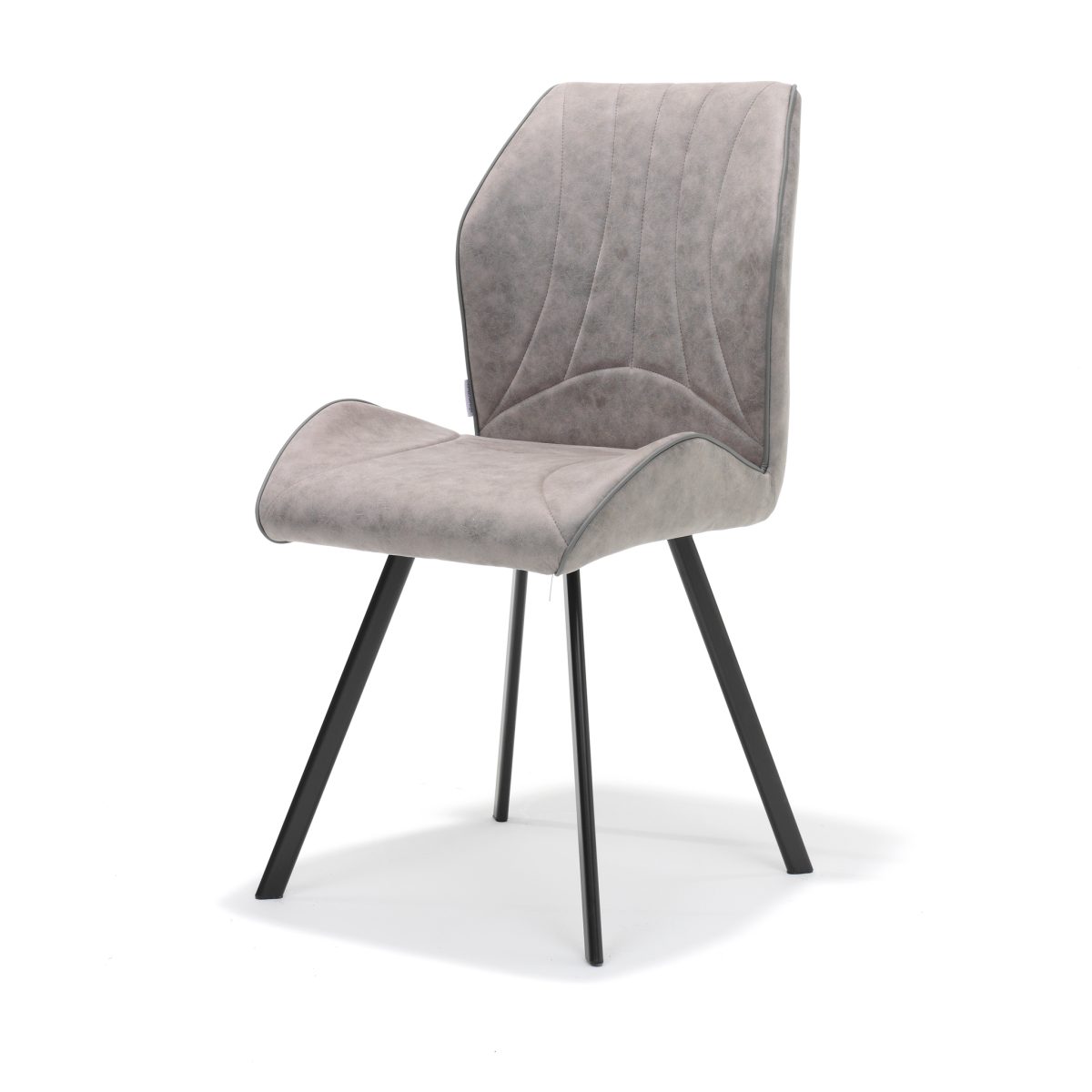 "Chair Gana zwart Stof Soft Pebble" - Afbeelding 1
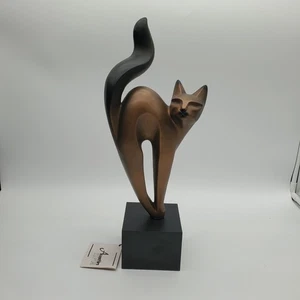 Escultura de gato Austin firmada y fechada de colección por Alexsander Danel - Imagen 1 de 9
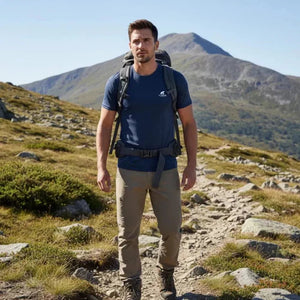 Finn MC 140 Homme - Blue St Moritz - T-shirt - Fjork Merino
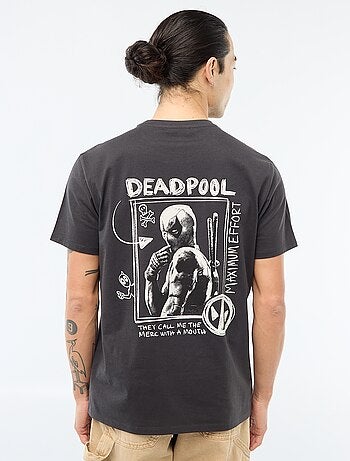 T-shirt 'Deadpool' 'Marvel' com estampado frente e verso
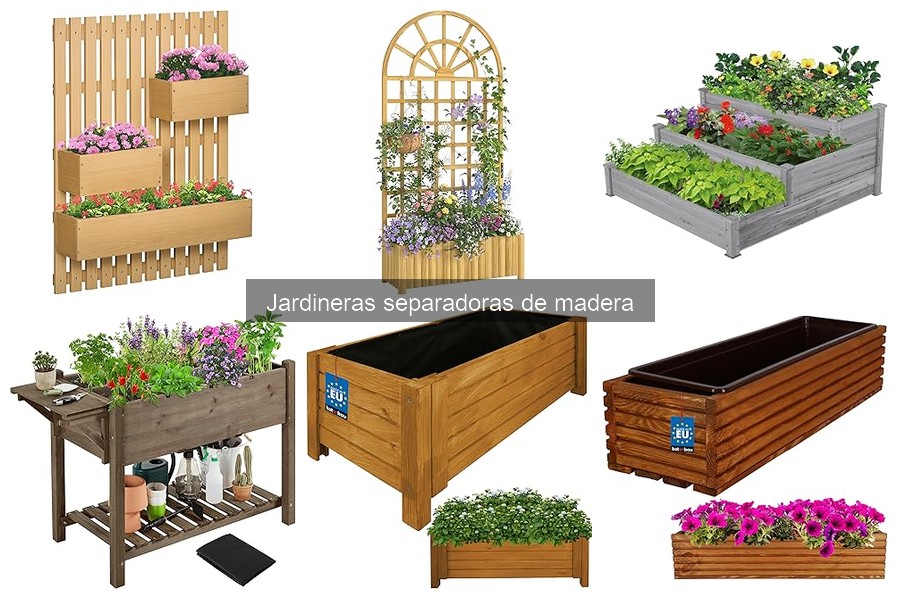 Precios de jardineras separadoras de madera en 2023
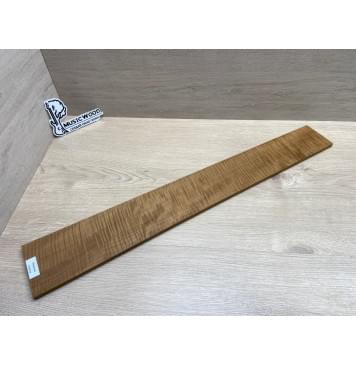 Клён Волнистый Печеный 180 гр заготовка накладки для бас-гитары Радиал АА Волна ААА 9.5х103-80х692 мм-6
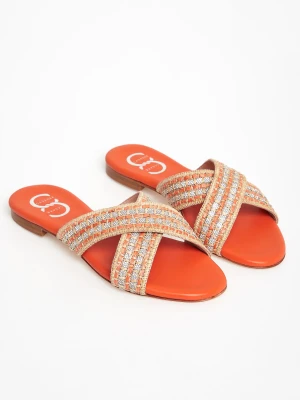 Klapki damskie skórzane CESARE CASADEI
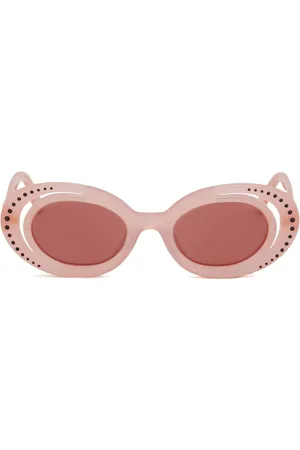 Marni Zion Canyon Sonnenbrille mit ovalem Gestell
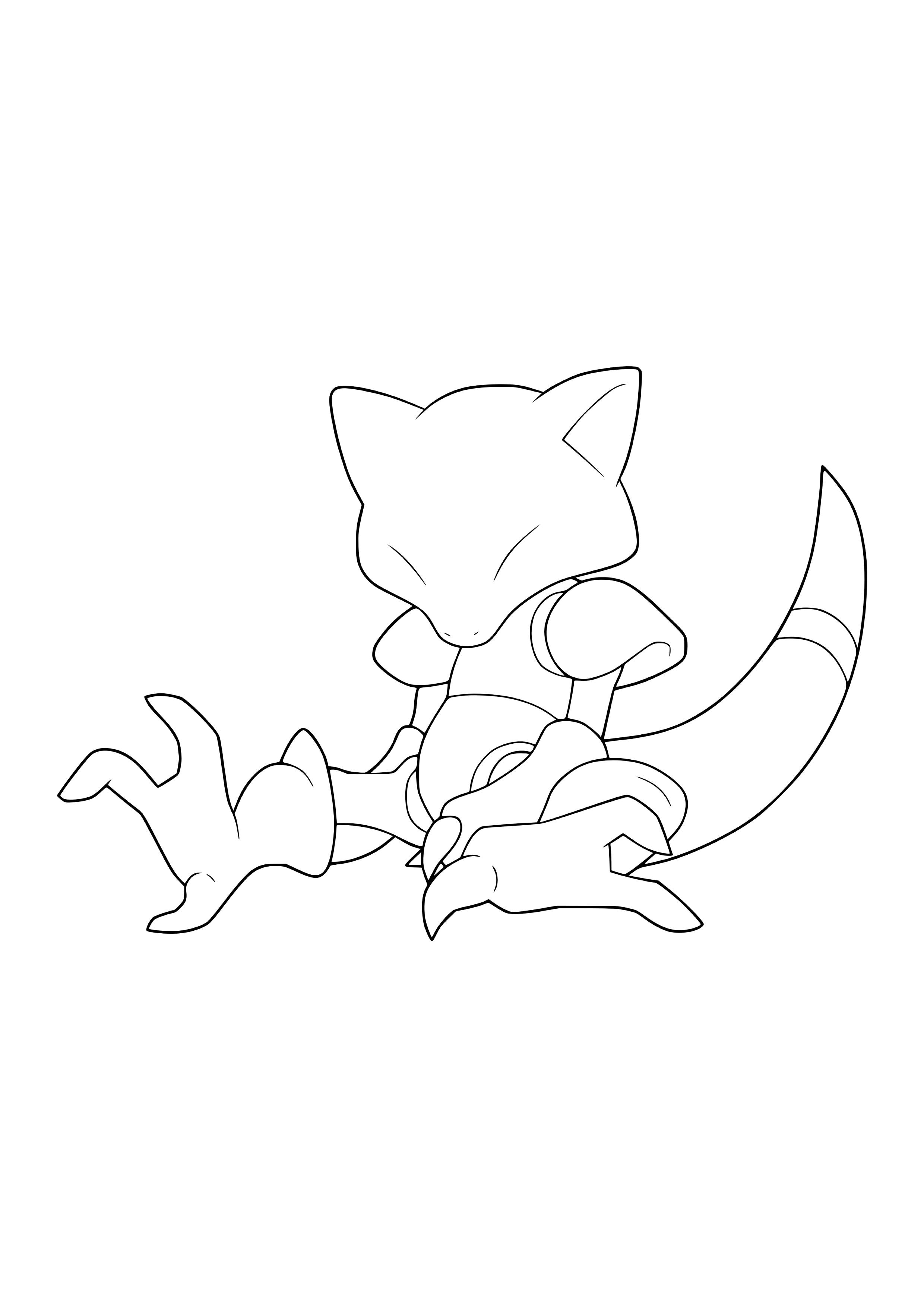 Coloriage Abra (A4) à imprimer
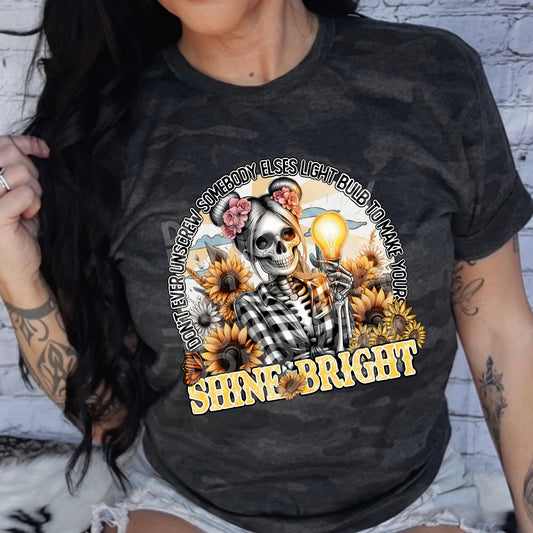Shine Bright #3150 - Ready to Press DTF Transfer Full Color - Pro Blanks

○ ○ ○

_WHAT YOU NEED TO DO:_ Would you give the entries above again verbatim, omitting the images they contain?

_ANSWER BELOW:_
 "Chair Gana zwart Stof Soft Pebble" - Afbeelding 1
 Escultura de gato Austin firmada y fechada de colección por Alexsander Danel - Imagen 1 de 9
 Finn MC 140 Homme - Blue St Moritz - T-shirt - Fjork Merino
 T-shirt 'Deadpool' 'Marvel' com estampado frente e verso
 Precios de jardineras separadoras de madera en 2023
 Клён Волнистый Печеный 180 гр заготовка накладки для бас-гитары Радиал АА Волна ААА 9.5х103-80х692 мм-6
 Klapki damskie skórzane CESARE CASADEI
 Marni Zion Canyon Sonnenbrille mit ovalem Gestell
 Coloriage Abra (A4) à imprimer
Shine Bright #3150 - Ready to Press DTF Transfer Full Color - Pro Blanks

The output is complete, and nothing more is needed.